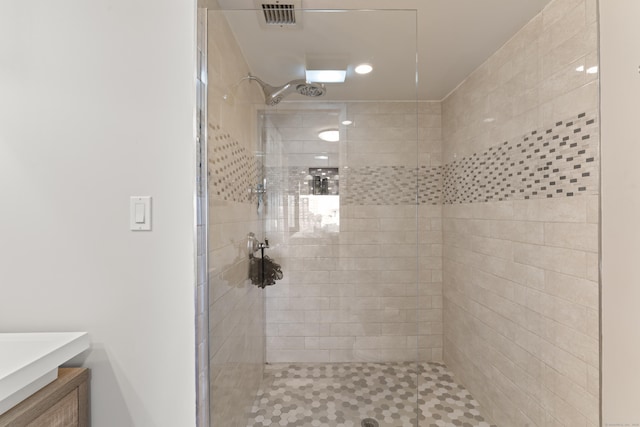 bathroom featuring a tile shower and vanity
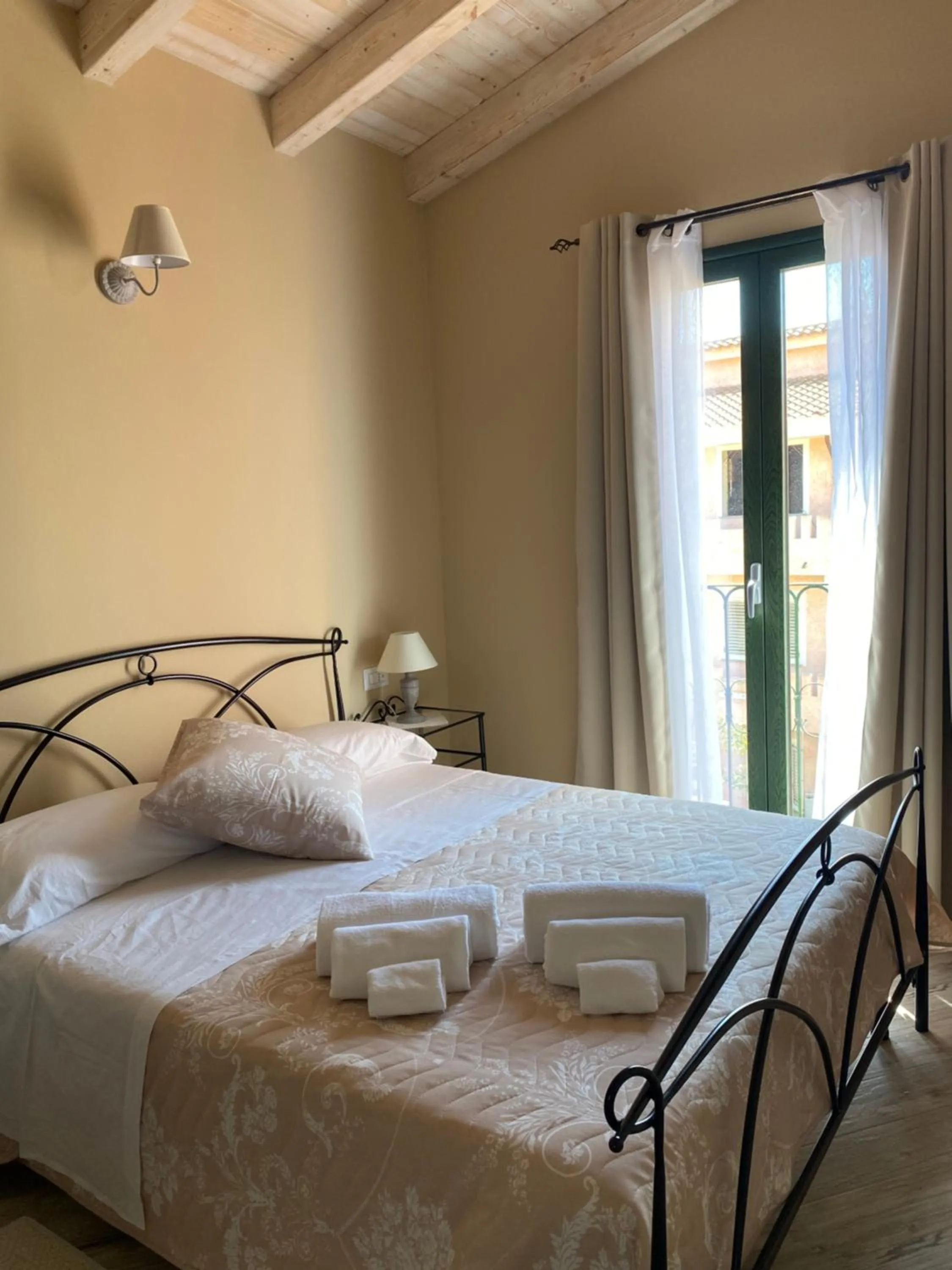 Bed in La Soffitta di EmmaSofia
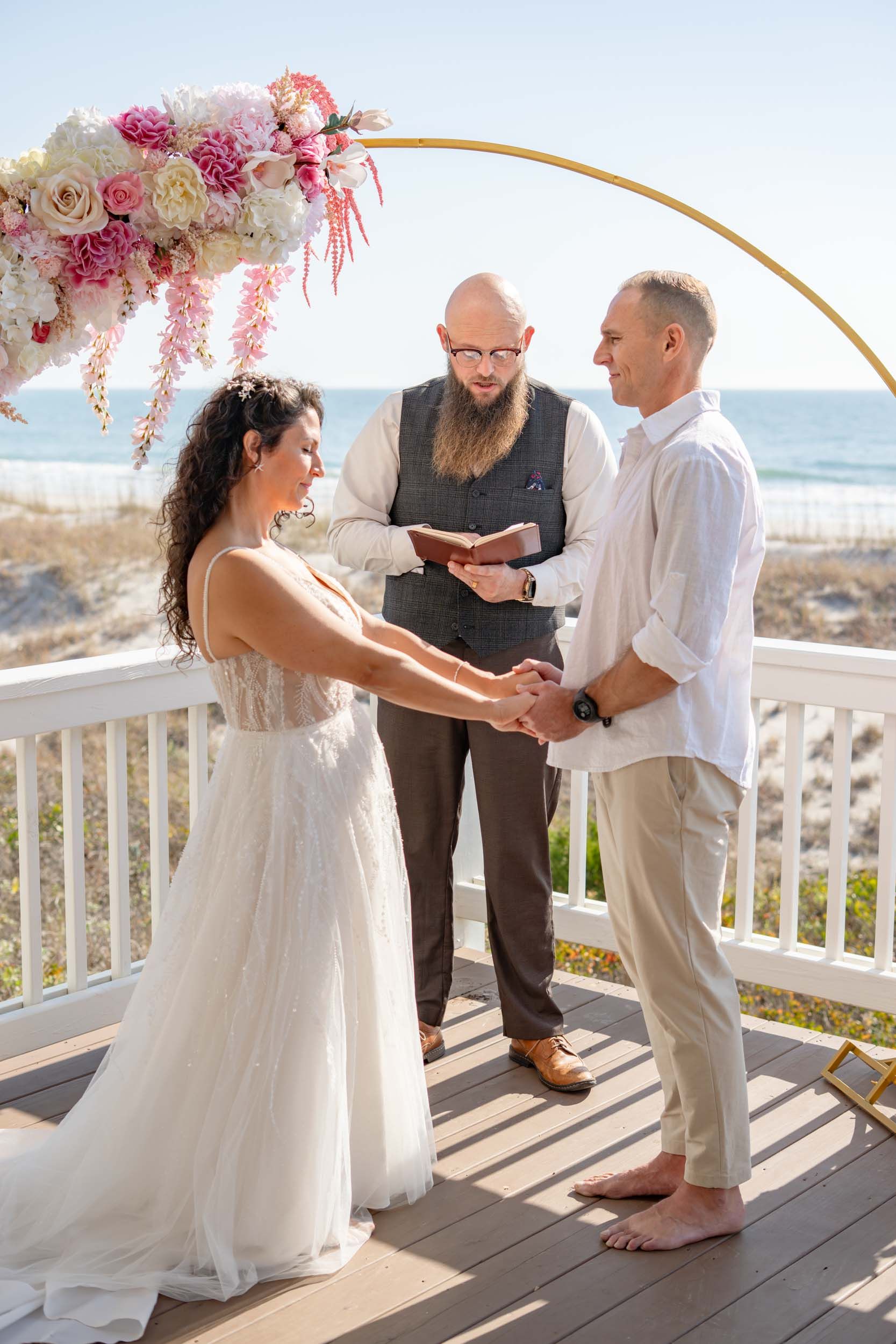 Wedding ceremony on oceanfront deck with pink floral arch and white railings.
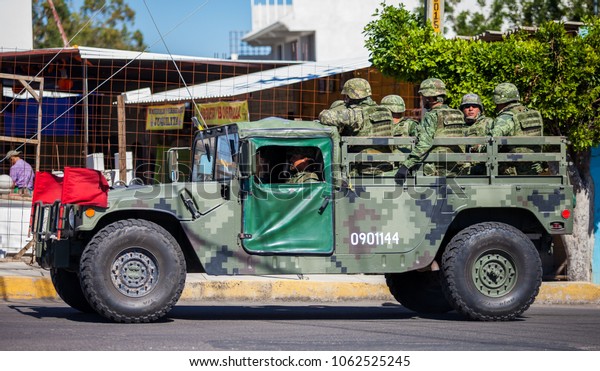 Puebla, Mexico - 11/21/2016: Mexican soldiers\
travelling in army\
vehicle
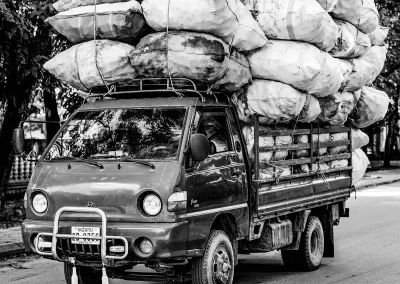 Kleiner Lastwagen transportiert große Ladung Säcke auf Straße Schwarz-Weiß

● EXERCISE BRIEF: Copy out all of the listing word for word, but skip the images.

● RESPONSE:
 bathroom featuring a tile shower and vanity
 Bed in La Soffitta di EmmaSofia
 Wedding ceremony on oceanfront deck with pink floral arch and white railings.
 Puebla, Mexico - 11/21/2016: Mexican soldiers\
travelling in army\
vehicle
 Kleiner Lastwagen transportiert große Ladung Säcke auf Straße Schwarz-Weiß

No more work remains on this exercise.